Vi só lágrimas e lágrimas. Entretanto, ela sorria feliz. Mas, eram tantas lágrimas, que eu me perguntei se minha mãe tinha olhos ou rios caudalosos sobre a face? E só então compreendi. Minha mãe trazia, serenamente em si, águas correntezas. Por isso, prantos e prantos a enfeitar o seu rosto. A cor dos olhos de minha mãe era cor de olhos d’água. Águas de Mamãe Oxum! Rios calmos, mas profundos e enganosos para quem contempla a vida apenas pela superfície. Sim, águas de Mamãe Oxum.

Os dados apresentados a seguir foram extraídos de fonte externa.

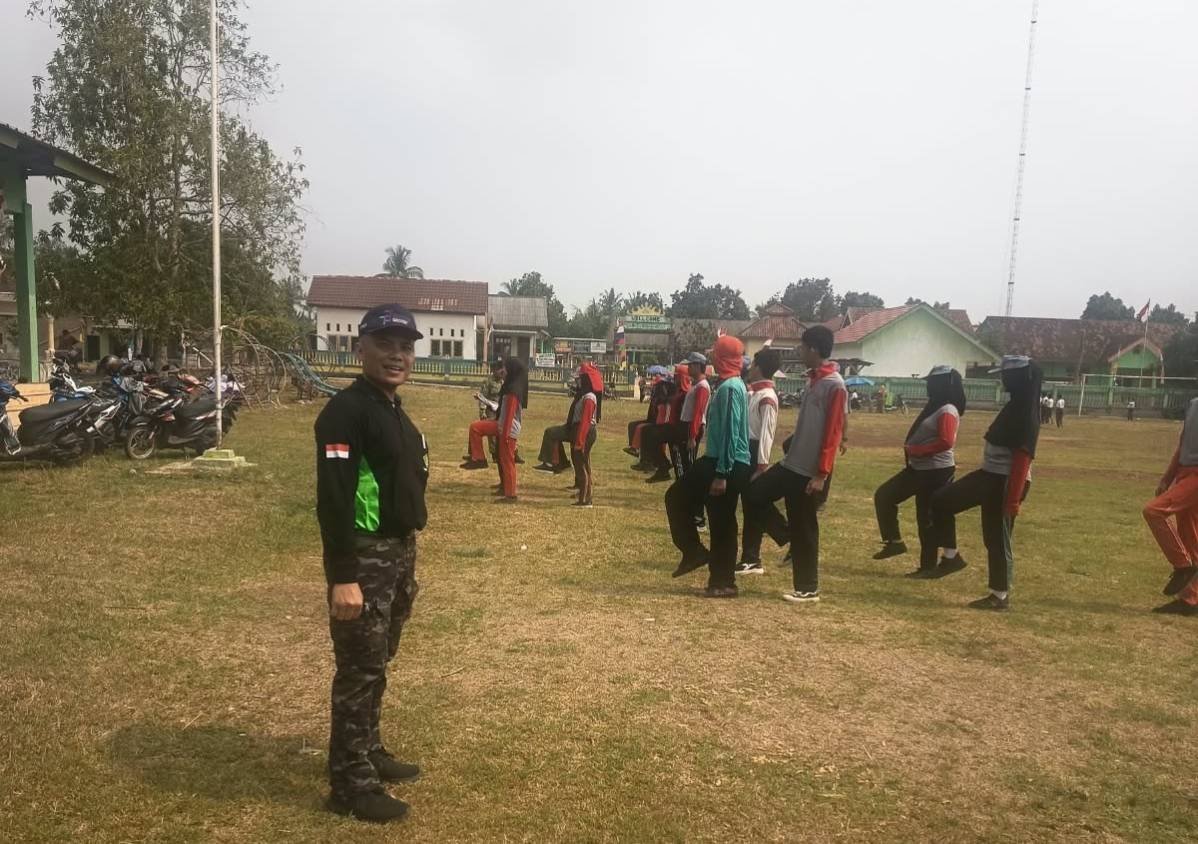 Ketua Panitia HSN 2026, Kepala KUA Melinting Pimpin Gladi Resik Upacara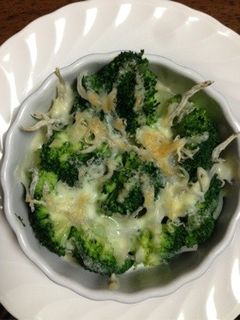 ブロッコリーとジャコのチーズ焼き-レシピのメイン写真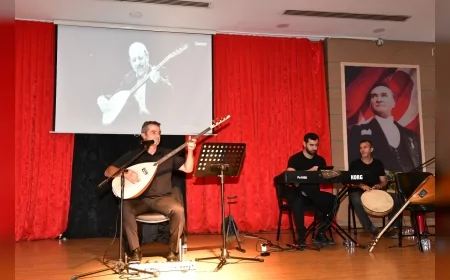 Çiğli’de Neşet Ertaş anıldı: “Bozkırın Tezenesi’nin türküsü hiç susmayacak”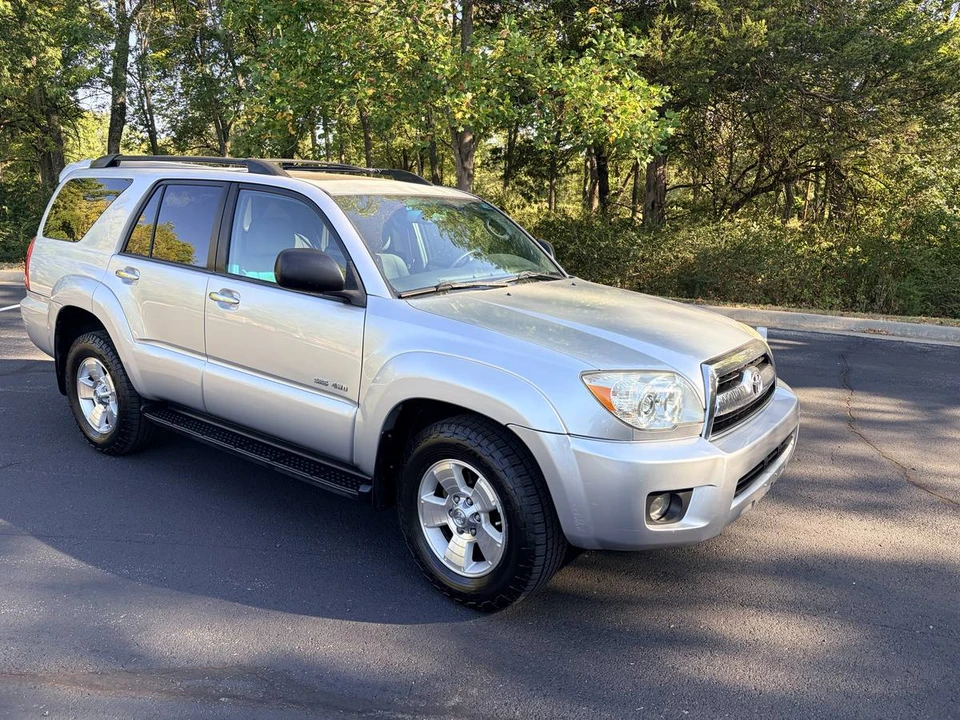 2008 Toyota 4Runner 4th Gen - Image 4 of 23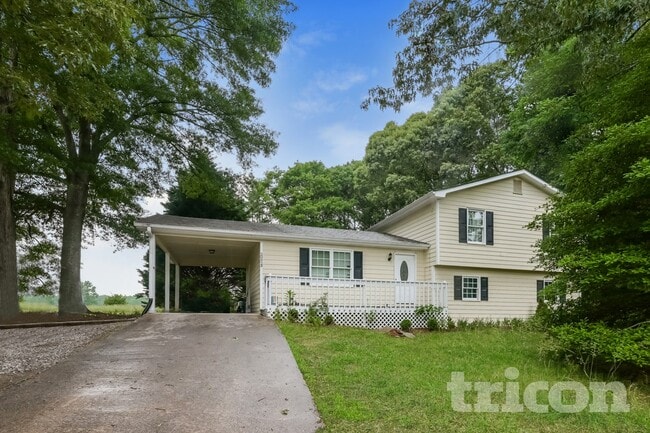 Building Photo - 2092 Brooks Rd SE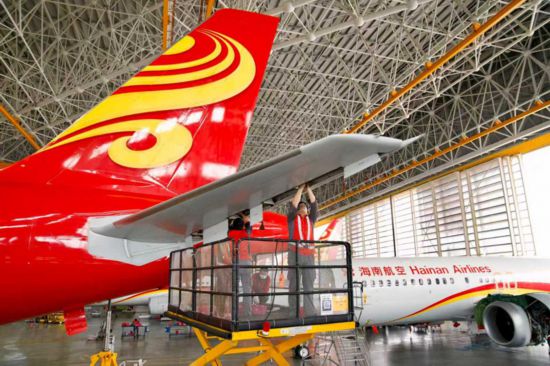 在一站式飞机维修产业基地定检机库,海航技术机务有序地开展维修工作 在一站式飞机维修产业基地定检机库,海航技术机务有序地开展维修工作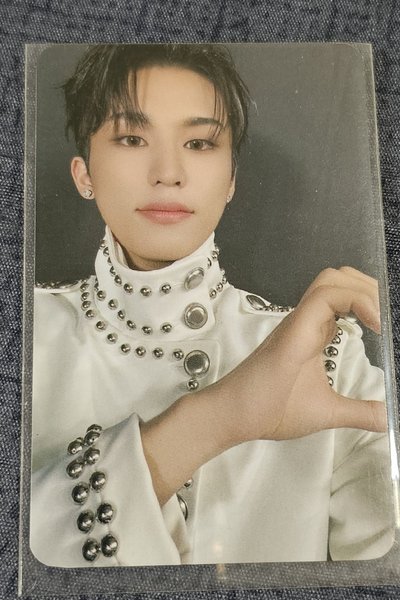 TREASURE REBOOT PARK JEONGWOO 🐺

Conceição Evaristo — Olhos D’Água
Por Maria Martha Bruno
Em quatro anos, Anielle Franco teve a irmã assassinada, liderou uma cruzada por memória e justiça, criou com a sua família um instituto para valorizar a potência de mulheres negras e aumentar a representatividade delas na política e foi nomeada ministra da Igualdade Racial. Com o anúncio de Lula hoje, são três mulheres negras e um homem negro entre os ministros de Estado: o advogado e professor Silvio Almeida – uma referência no ativismo negro, assume a pasta dos Direitos Humanos, a cantora e representante da classe artística Margareth Menezes, com toda a sua história impregnada de Bahia, vai para a Cultura, e a engenheira e até então vice-governadora de Pernambuco Luciana Santos assume o ministério da Ciência e Tecnologia, sendo a primeira mulher negra no cargo.
A chegada de Anielle ao Ministério não é reparação porque o mesmo Estado ainda deve respostas sobre quem mandou matar Marielle e ainda assassina seus conterrâneos na Maré e em outras favelas, além de diuturnamente maltratar a população negra do país. Mas é um começo carregado de reconhecimento, simbolismo e — por que não? — esperança.
Anielle Franco no primeiro escalão do Poder Executivo leva também a ancestralidade das mulheres negras que enriquecem nossa política, espiritualidade e cultura. Estarão no ministério Lélia Gonzalez, Maria Firmina dos Reis, Carolina Maria de Jesus, todas as vovós que cuidam e orientam milhões de brasileiros. Tudo o que Sueli Carneiro construiu nos 34 anos de Geledés e em parte dos seus 70 anos de vida também. Lembremos ainda que, há 20 anos, no primeiro governo Lula, Benedita da Silva levava sua trajetória de empregada doméstica e favelada do Morro da Babilônia para a mesma pasta. E nunca esqueçamos: mulheres negras são a maior parte da população brasileira (28%, segundo o IBGE).